A screenshot of Impaler's faux ambient occlusion without textured walls

Faking Ambient Occlusion

Impaler is a small game I created with a goal of having it run on integrated graphics (and still look nice). To achieve this, I had to find creative ways to fake expensive graphics techniques. Anything that relied on sampling or multiple render passes would be too expensive for low-end GPUs. This meant I had to find a new approach to implement ambient occlusion.

Background on Ambient Occlusion

Ambient occlusion, often abbreviated AO, is a graphics technique for self-shadowing. It estimates how much ambient light is blocked by nearby geometry and adds a soft shadow to those areas. It has a large impact on the visual quality of a scene. I wanted to use this to give the game world a dark and gloomy feel.

Screenshot of Crysis Crysis (2007) was one of the first games to incoprorate AO. It still looks good today!

Common AO Implementations

  • Screen space ambient occlusion (SSAO)
  • Horizon-based ambient occlusion (HBAO)

Both of these approaches perform calculations in screen space and do not slow with complex scenes. They work well for just about any game and produce convincing results. However, they require multiple depth buffer samples per pixel. This is too expensive for the low-end hardware and integrated graphics. A different approach was needed for Impaler.

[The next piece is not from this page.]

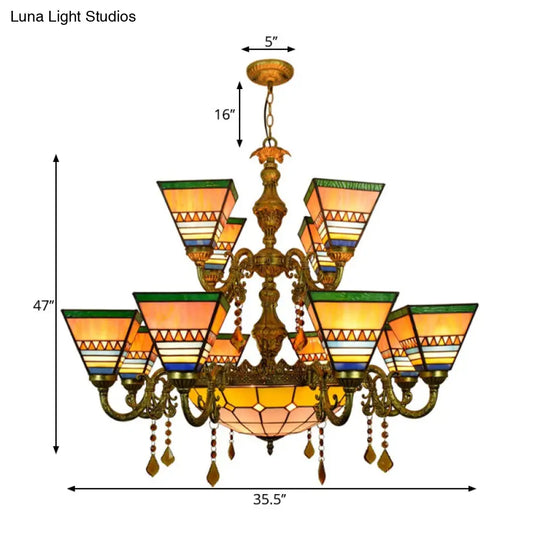 Vintage Stained Glass Pyramid Chandelier With 12 Arms And Center Bowl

In the future, I expect screen space AO implementations to disappear as games adopt ray tracing and global illumination models. These, by far, are the best looking solutions. Screen space effects can suffer from under-sampling and artifacts at the edges of the screen.

Screenshot of Quake 2 RTX Quake 2 RTX (2019) Features real-time ray tracing and global illumination. Indirect lighting and shadow is calculated via ray tracing.

Why Did Impaler Need AO?

Impaler takes place in a dark cathedral-like arena. Without proper light and shadow it simply did not create the illusion you were there. Most importantly, it didn’t look pleasing to the eye.

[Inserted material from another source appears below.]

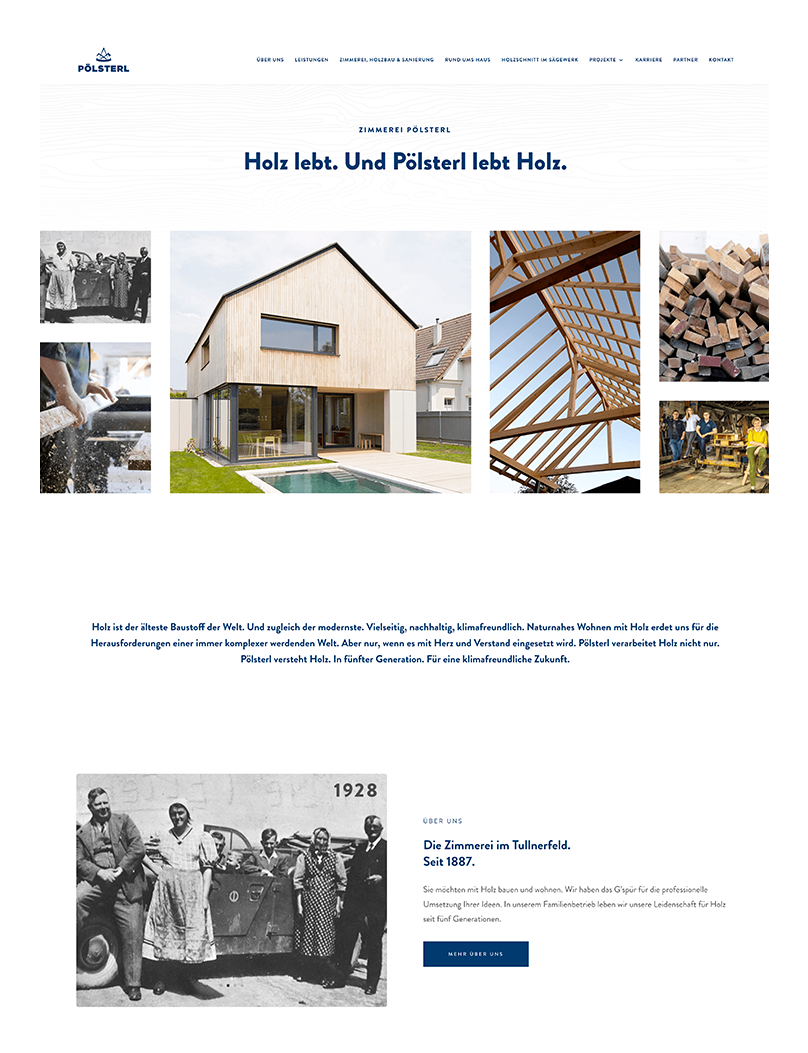 Poelsterl-Ipad Website der Zimmerei Pölster mit Holzrahmenbau, Holzbauweise und historischem Foto von 1928.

Screenshot of Impaler with ambient occlusion forced off

A screenshot from Impaler with AO forced off. Notice the scene is overly bright and the corners are hard to distinguish.

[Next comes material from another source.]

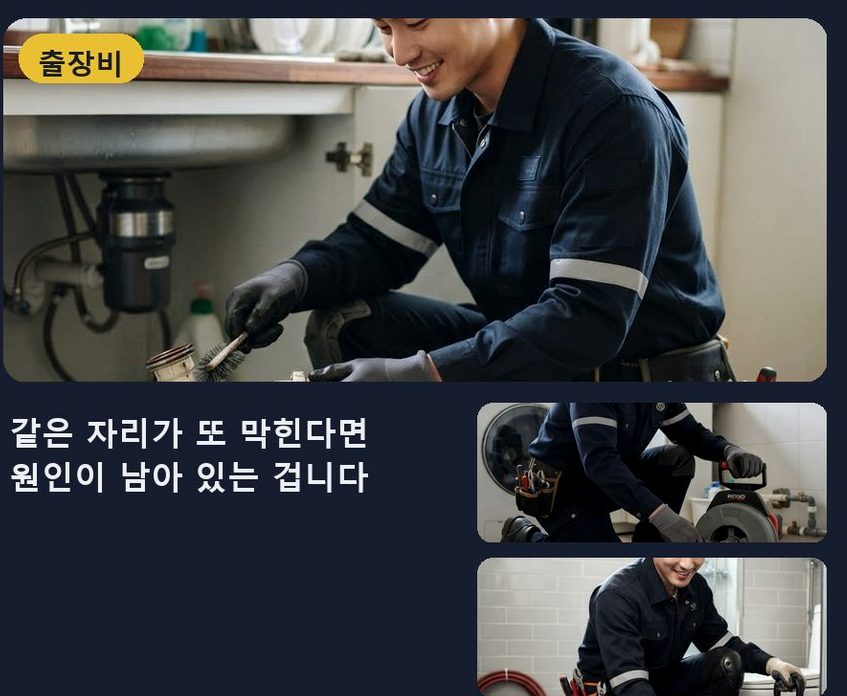서울 성동구 성수동 세면대막힘 비용 현장 작업 사진 - 배관해결사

The environment is simple - it is a large rectangle with 6 columns and game object scattered throughout. Only a few areas in the world needed ambient occlusion:

  • Corners of the arena
  • Edges between walls and the floor
  • Bases of the stone columns

Approach Used in Impaler

As much I would have loved to use ray tracing, I needed a cheap solution and was willing to make tradeoffs. The tradeoff was to make the AO implementation scene-dependent and share actual map geometry with the fragment shader.


  • Pass the fragment shader a list of occluders and their geometry
    • Line segments for boundaries between wall and floor surfaces
    • Positions of the corners
    • Cylinders representing the stone columns
  • For each pixel, evaluate the contribution from each occluder in world space
  • Keep track of the largest occlusion value encountered (max() not sum())
  • Modulate the ambient light intensity based on the largest occlusion value
  • Render the final pixel using with occlusion-modulated ambient light term


The approach above achieves the desired visual effect. It is computationally cheap and doesn’t suffer from visual artifacts related to undersampling. It does a good job exploiting the simple geometry of the environment. However, it would not work for more complex scenes. Nor is it physically correct.

Impact on Visual Quality

Screenshot of Impaler with ambient occlusion enabled

Animation showing comparison of ambient occlusion on and off in Impaler

Not bad right?


Computer graphics is often about balancing performance and visual quality. For me, finding creative ways approximate complex lighting models is part of the fun.